*** DATA FOR THIS TASK Section Begins ***
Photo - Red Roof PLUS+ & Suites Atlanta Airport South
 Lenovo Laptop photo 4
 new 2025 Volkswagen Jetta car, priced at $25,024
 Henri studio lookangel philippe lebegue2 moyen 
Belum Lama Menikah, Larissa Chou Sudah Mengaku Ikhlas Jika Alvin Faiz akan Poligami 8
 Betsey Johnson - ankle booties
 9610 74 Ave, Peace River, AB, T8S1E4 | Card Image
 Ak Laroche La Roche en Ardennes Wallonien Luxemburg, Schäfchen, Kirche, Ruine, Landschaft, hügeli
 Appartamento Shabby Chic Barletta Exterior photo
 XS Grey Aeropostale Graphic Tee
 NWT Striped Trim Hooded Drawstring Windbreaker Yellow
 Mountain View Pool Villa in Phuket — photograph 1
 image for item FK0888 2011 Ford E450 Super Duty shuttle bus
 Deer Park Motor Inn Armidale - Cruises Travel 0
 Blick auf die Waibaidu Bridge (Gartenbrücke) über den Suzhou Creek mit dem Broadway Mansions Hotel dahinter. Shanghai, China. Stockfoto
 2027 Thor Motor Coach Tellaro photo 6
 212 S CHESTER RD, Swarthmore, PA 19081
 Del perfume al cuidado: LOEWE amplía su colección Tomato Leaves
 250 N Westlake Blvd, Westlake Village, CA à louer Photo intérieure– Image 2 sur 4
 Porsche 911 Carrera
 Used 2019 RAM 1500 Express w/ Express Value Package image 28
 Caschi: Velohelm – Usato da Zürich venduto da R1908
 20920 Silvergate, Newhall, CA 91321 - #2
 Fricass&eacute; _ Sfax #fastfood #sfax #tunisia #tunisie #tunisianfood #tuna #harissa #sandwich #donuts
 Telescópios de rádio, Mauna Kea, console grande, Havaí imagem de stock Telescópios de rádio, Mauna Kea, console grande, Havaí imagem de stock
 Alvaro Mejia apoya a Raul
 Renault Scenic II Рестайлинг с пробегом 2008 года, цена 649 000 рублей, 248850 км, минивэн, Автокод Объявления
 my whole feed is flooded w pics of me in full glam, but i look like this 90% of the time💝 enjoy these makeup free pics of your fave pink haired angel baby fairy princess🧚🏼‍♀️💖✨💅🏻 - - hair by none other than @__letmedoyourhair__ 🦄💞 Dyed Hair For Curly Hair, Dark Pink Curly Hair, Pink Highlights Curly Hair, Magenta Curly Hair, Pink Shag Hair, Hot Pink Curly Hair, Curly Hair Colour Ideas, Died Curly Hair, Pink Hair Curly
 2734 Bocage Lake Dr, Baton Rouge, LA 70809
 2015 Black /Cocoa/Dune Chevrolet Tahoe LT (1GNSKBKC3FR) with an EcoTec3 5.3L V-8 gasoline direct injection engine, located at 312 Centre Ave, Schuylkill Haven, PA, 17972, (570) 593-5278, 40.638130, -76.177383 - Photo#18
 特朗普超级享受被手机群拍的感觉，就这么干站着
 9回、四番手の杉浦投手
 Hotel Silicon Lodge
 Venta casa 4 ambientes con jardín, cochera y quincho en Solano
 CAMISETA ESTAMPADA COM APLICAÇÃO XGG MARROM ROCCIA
*** DATA FOR THIS TASK Section Ends ***
EXERCISE: Transcribe the lines from the first line of the records through the line that contains "de stock Telescópios", both included, and add nothing else.

YOUR SOLUTION:
Photo - Red Roof PLUS+ & Suites Atlanta Airport South
 Lenovo Laptop photo 4
 new 2025 Volkswagen Jetta car, priced at $25,024
 Henri studio lookangel philippe lebegue2 moyen 
Belum Lama Menikah, Larissa Chou Sudah Mengaku Ikhlas Jika Alvin Faiz akan Poligami 8
 Betsey Johnson - ankle booties
 9610 74 Ave, Peace River, AB, T8S1E4 | Card Image
 Ak Laroche La Roche en Ardennes Wallonien Luxemburg, Schäfchen, Kirche, Ruine, Landschaft, hügeli
 Appartamento Shabby Chic Barletta Exterior photo
 XS Grey Aeropostale Graphic Tee
 NWT Striped Trim Hooded Drawstring Windbreaker Yellow
 Mountain View Pool Villa in Phuket — photograph 1
 image for item FK0888 2011 Ford E450 Super Duty shuttle bus
 Deer Park Motor Inn Armidale - Cruises Travel 0
 Blick auf die Waibaidu Bridge (Gartenbrücke) über den Suzhou Creek mit dem Broadway Mansions Hotel dahinter. Shanghai, China. Stockfoto
 2027 Thor Motor Coach Tellaro photo 6
 212 S CHESTER RD, Swarthmore, PA 19081
 Del perfume al cuidado: LOEWE amplía su colección Tomato Leaves
 250 N Westlake Blvd, Westlake Village, CA à louer Photo intérieure– Image 2 sur 4
 Porsche 911 Carrera
 Used 2019 RAM 1500 Express w/ Express Value Package image 28
 Caschi: Velohelm – Usato da Zürich venduto da R1908
 20920 Silvergate, Newhall, CA 91321 - #2
 Fricass&eacute; _ Sfax #fastfood #sfax #tunisia #tunisie #tunisianfood #tuna #harissa #sandwich #donuts
 Telescópios de rádio, Mauna Kea, console grande, Havaí imagem de stock Telescópios de rádio, Mauna Kea, console grande, Havaí imagem de stock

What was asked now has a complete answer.